Two Super Bowl championships, one regular season MVP, one Super Bowl MVP, a 2,000-yard season; these are the career notches on Davis' belt. His initials are T.D., which is fitting considering he scored so many of those. He made the Mile High Salute a mark of being a Denver Bronco, something players still do today. The question is not what Davis accomplished during his brief career, it's what didn't he accomplish?
Yet his accomplishments have been seemingly overlooked by the Hall of Fame selection committee for the last eight years. This marks the first time Davis has become a finalist for Hall of Fame recognition.
For all of the reasons Davis deserves to be recognized as a Hall of Famer, there is only one that has kept him from the honor; longevity. Davis was devastated by knee injuries, playing in seven NFL seasons, before hanging them up prior to the 2002 season.
Gale Sayers played seven years in the NFL, Earl Campbell played eight years and Barry Sanders played ten, all of whom are now members of the Pro Football Hall of Fame. For comparison's sake, we'll compare the numbers of these three players with what Davis accomplished throughout his career.
Player A: played in 115 career games, carrying the ball 2,187 times for 9,407 yards, 74 TDs and 43 career fumbles, averaging 4.3 yards per carry and 81.8 yards per game. This running back also caught 121 passes for 806 yards. In 6 playoff games, he carried the ball 135 times for 420 yards, ,70 yards per game and 4 TDs, averaging 3.1 yards per carry. He also caught 5 passes for 45 yards, while fumbling the ball 6 times.
Player B: played in 68 career games, carrying the ball 991 times for 4,956 yards, 39 TDs and 34 career fumbles, averaging 5.0 yards per carry and 72.9 yards per game. This running back also caught 112 passes for 1,307 yards and 9 TDs. Player B never played in a playoff game.

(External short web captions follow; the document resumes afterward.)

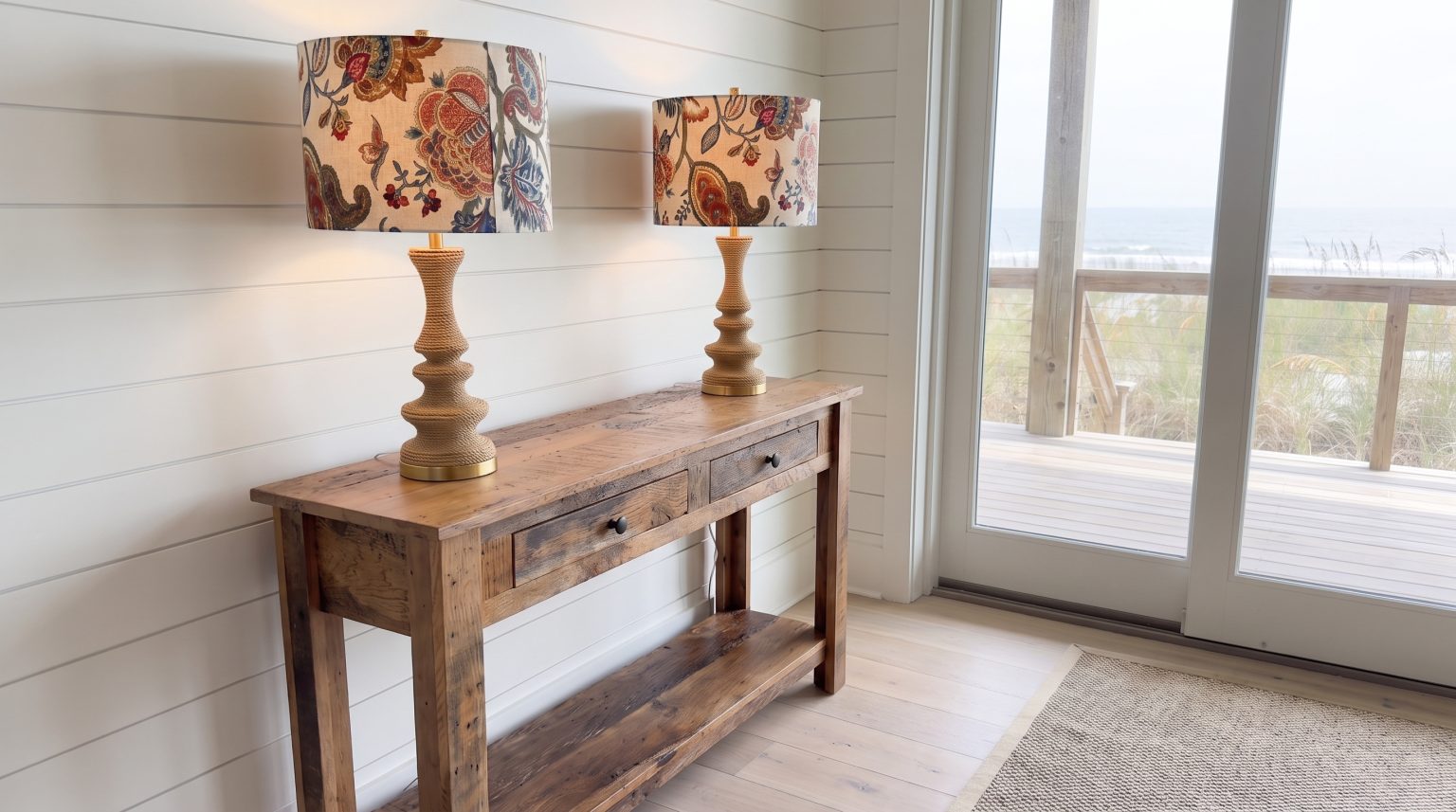 A reclaimed oak console with a matching rope-wrapped lamp standing at each end, against white shiplap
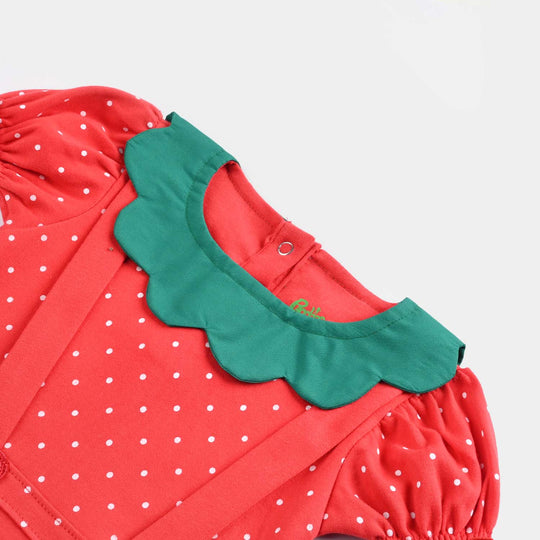 Infant Girls Cotton Interlock Romper Strawberry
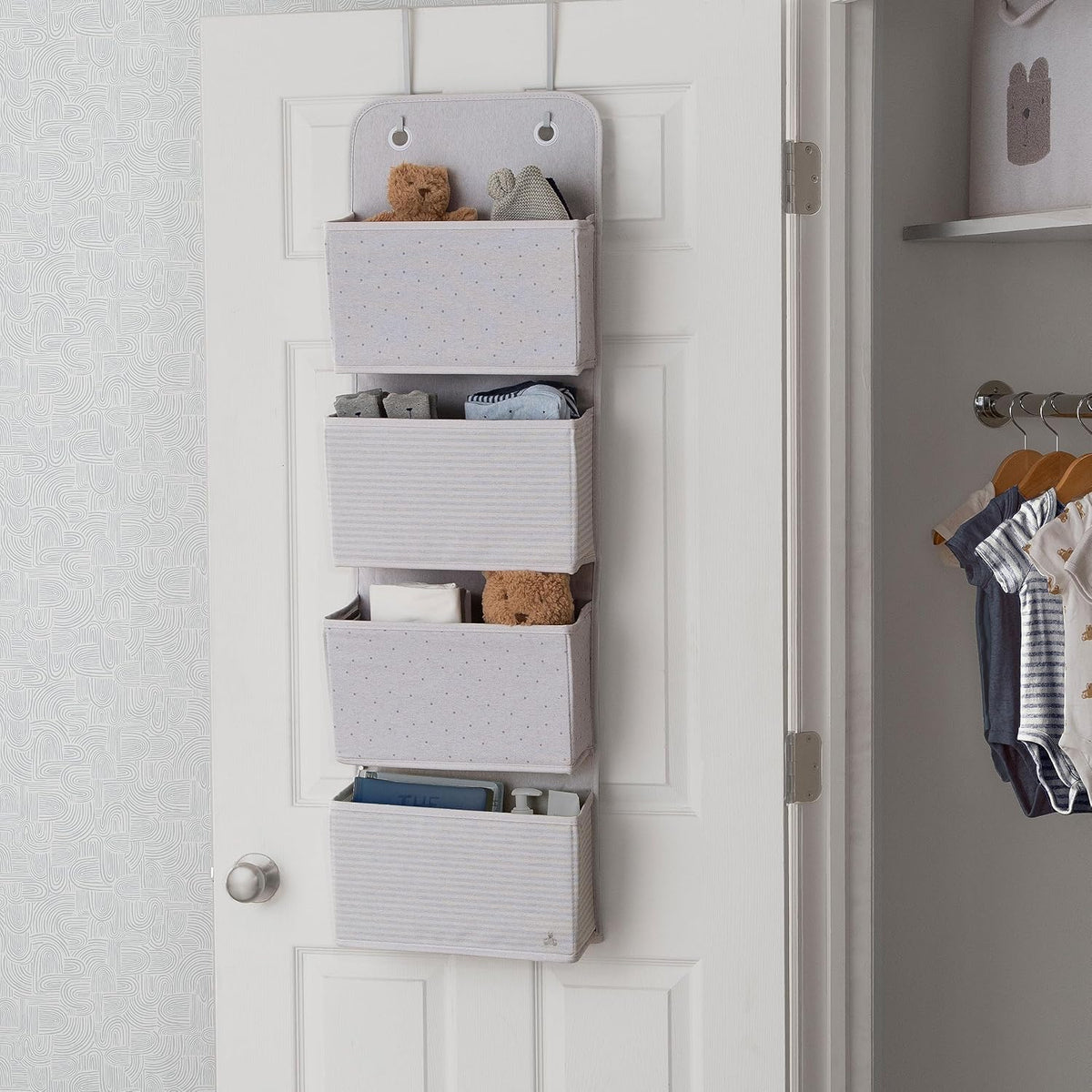 babyGap 2-Pack Over the Door Storage Organizer with 4 Pockets, Tan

Player C: played in 153 career games, carrying the ball 3,062 times for 15,269 yards, 99 TDs and 41 career fumbles, averaging 5.0 yards per carry and 99.8 yards per game. This running back also caught 169 passes for 12,080 yards and 5 TDs. In 6 playoff games, he carried the ball 91 times for 386 yards, and 1 TD, averaging 4.2 yards per carry and 64.3 yards per game. He also caught 21 passes for 111 yards, while fumbling the ball once.
Player D: played in 78 career games, carrying the ball 1,655 times for 7,607 yards, 60 TDs and 20 career fumbles, averaging 4.6 yards per carry and 97.5 yards per game. This running back also caught 395 passes for 2,921 yards and 10 TDs. In 8 playoff games, he carried the ball 204 times for 1,140 yards, and 12 TDs, averaging 5.6 yards per carry and 142.5 yards per game. He also caught 19 passes for 131 yards, while fumbling the ball 4 times.

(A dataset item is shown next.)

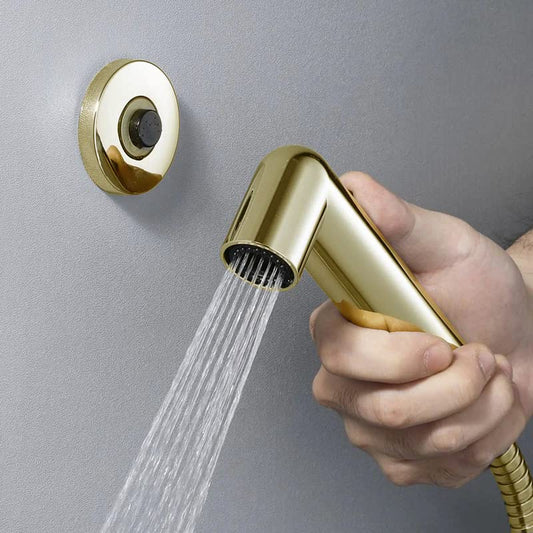 Health Faucet Set in Gold Finish - Magna Series ABS Jet Spray with Hose & Magnetic Hook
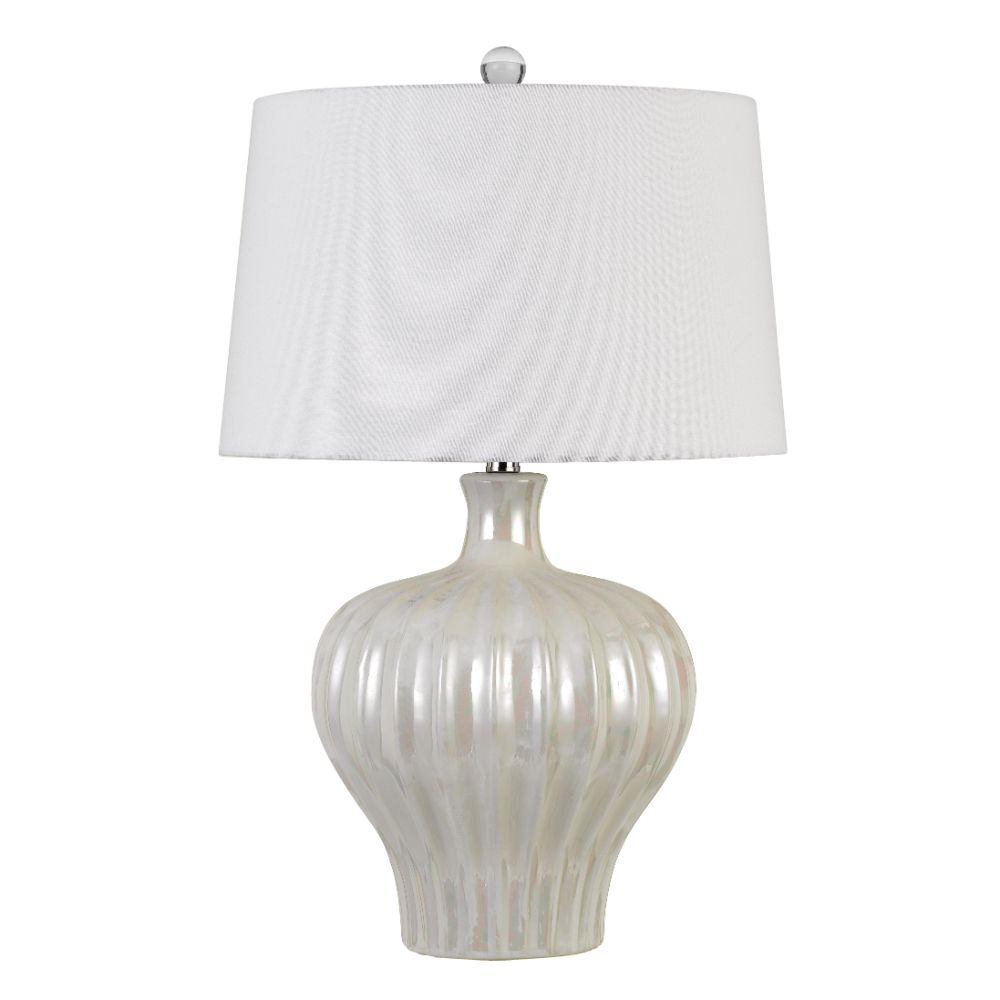 CAL Lighting BO-2879TB Afragola Ceramic Table Lamp With Hardback Fabric Shade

Each player's identity will remain a mystery for now. If we look past career numbers, the story is more telling. During a three-year stretch, Davis ran for 5,296 yards on 1,106 carries, 4.8 YPC, 112.7 YPG and 49 TDs. He also caught 103 passes for 814 yards and another 4 TDs. This three-year stretch is widely considered the best stretch a running back has ever had in the NFL. Davis capped this performance off with his 1998 MVP season, where he ran for 2,000+ yards, despite sitting for the equivalent of two games during blowout victories.
Now, going back to our four mystery players. Player A is Earl Campbell, Player B is Gale Sayers, Player C is Barry Sanders, which leaves player D as Terrell Davis.
The career numbers in the regular season for Davis matches up extremely well with the above players, but his numbers in the playoffs make the other backs seem like nobodies.
"Look at the big moments – the playoff games," Davis once said. "If the Hall of Fame is about a person who impacted the game and played at the highest level when the stakes were high, I think I checked all the boxes. If you can raise your game and play at the level I was able to play at during those moments, that speaks for itself."
Was there anyone who played better in big games than T.D? The numbers speak far louder than I ever could. Does Terrell Davis deserve to be in the Hall of Fame? You tell me.